In no time, therefore, a pool of precious manpower was raised in-house and soon enough, the newly revamped Education Department of Congress became a real beehive of learning activities organizing workers’ classes nationwide to the envy of some worker educators in the neighboring sister African nations. More pointedly, special efforts were consciously made to prioritize the training and mobilization of women workers in all the productive sectors of the nation’s fledgling economy through the activation of the moribund women’s wing of the Nigerian trade union Movement and all round cooperation with some notable pro-labour and gender based civil society organizations.
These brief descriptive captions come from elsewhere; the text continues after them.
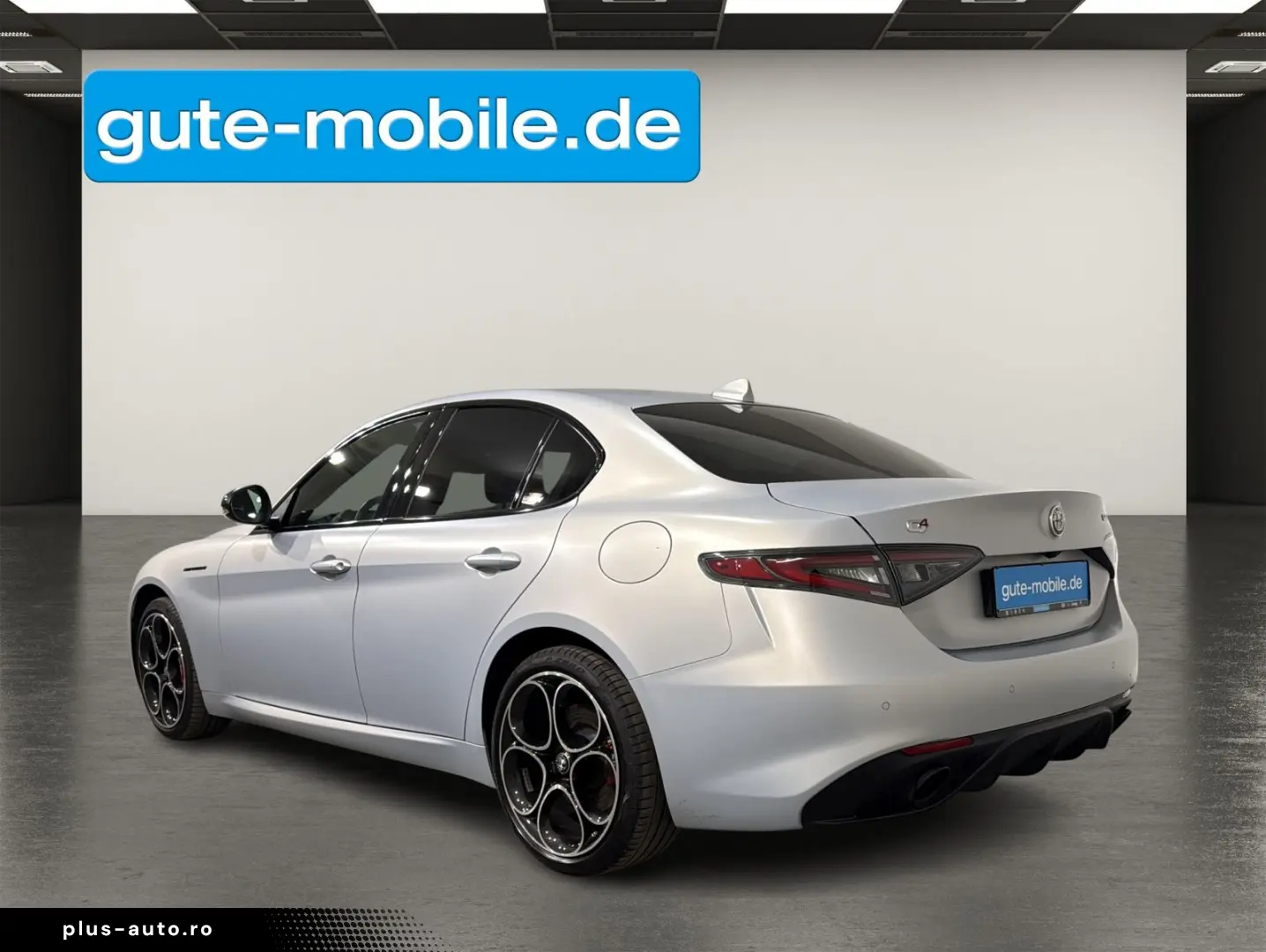 ALFA ROMEO Giulia 2.0 Competizione Q4  MATRIX   19  LM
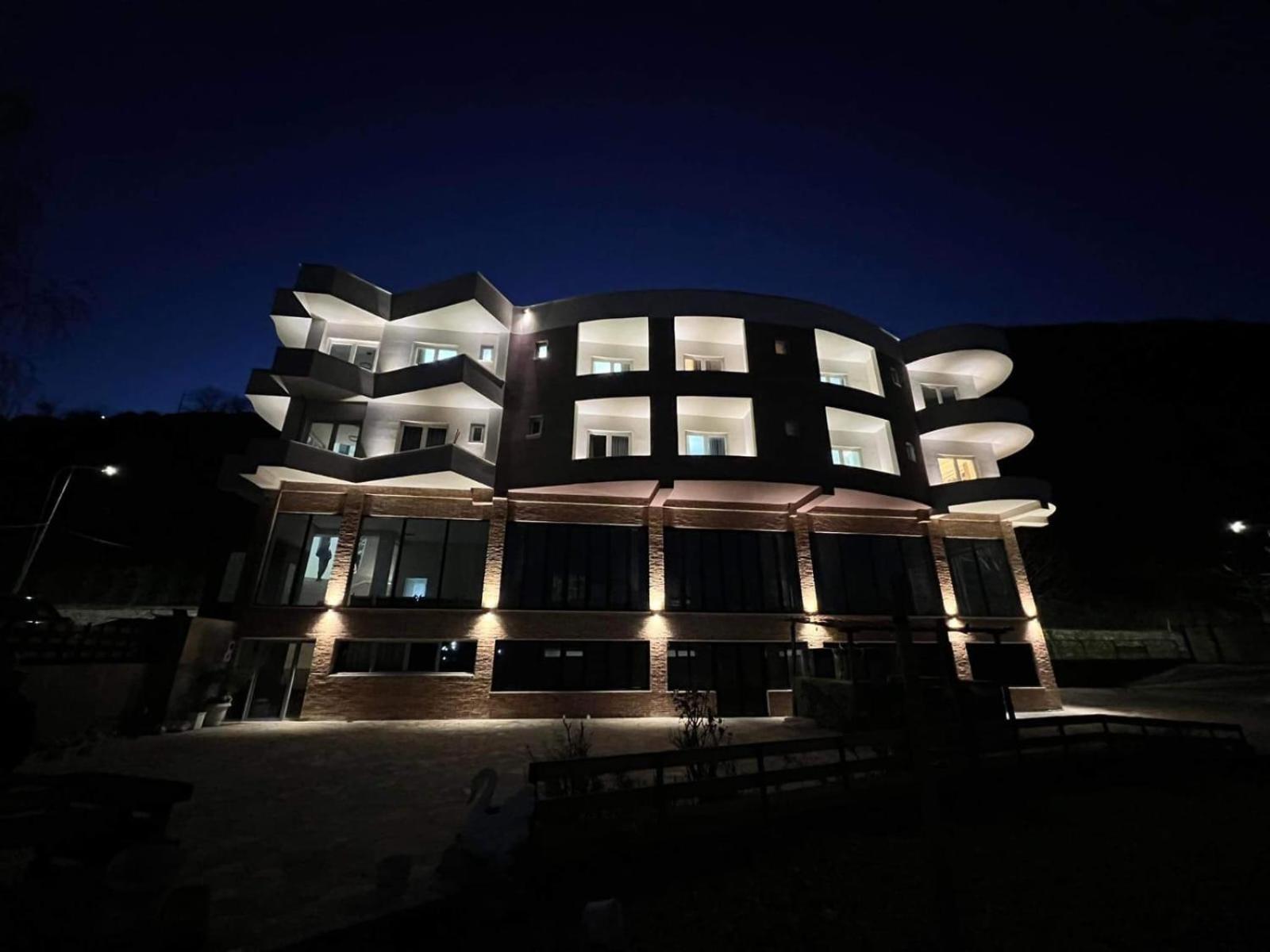 Hotel Demoli Pogradec Exterior photo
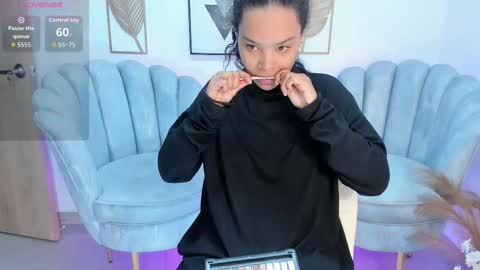 ayshel_cooperr online show from 09/13/25, 03:17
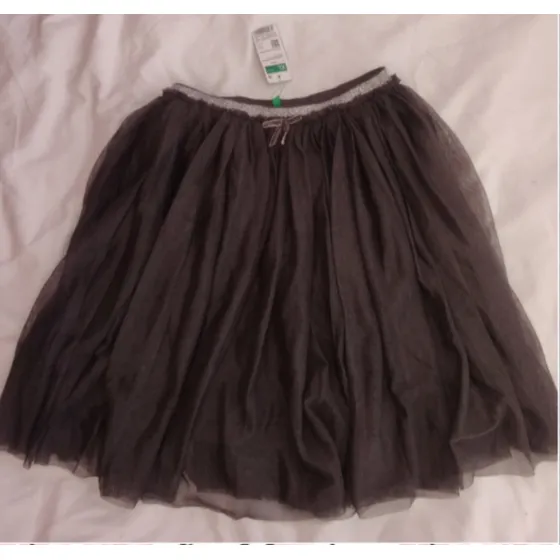2 Faldas Benetton. Nuevas. Talla: Xl (10-11 Años) Precio C/u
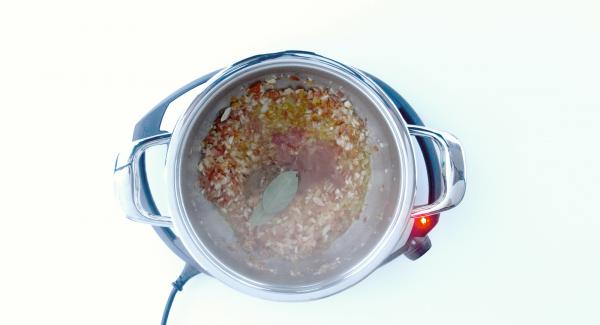 Al suono di Audiotherm, togliere il coperchio, aggiungere l’olio e mescolare. Unire la paprica, la salsa e l’alloro e mescolare.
Today, as we join this wonderful celebrant in the colorful 70th jubilee anniversary, we would like to share with him and his good family, our deep sense of gratitude for the huge debts we owed them, which in all honesty, cannot be repaid even by the quantum of nostalgia we more often than not manifest in the phenomenal growth registered over the years by the affiliate industrial unions and also as evidenced in the astonishing number of the highly trained cadres of labour educators who are now spread widely all over the length and breadth of the entire Movement. We are also intimately aware that half of the 70 years which constitute your entire life, had already been selflessly devoted to promoting and achieving our collective labour ideals. But, we are only reassured by the strong bond of labour solidarity whose dimensions are boundless, whose kinetic energies are inexhaustible, whose powers are unassailable, whose magnetic spirit are irresistible that your examples shall continue to inspire present and future generations of trade unionists in Africa and the world over.
It remains for me at this stage to reaffirm my unflinching solidarity and also join the legion of your well wishers to convey my fervent prayers for good health, long life and labour victories in the years ahead. Happy birthday to you!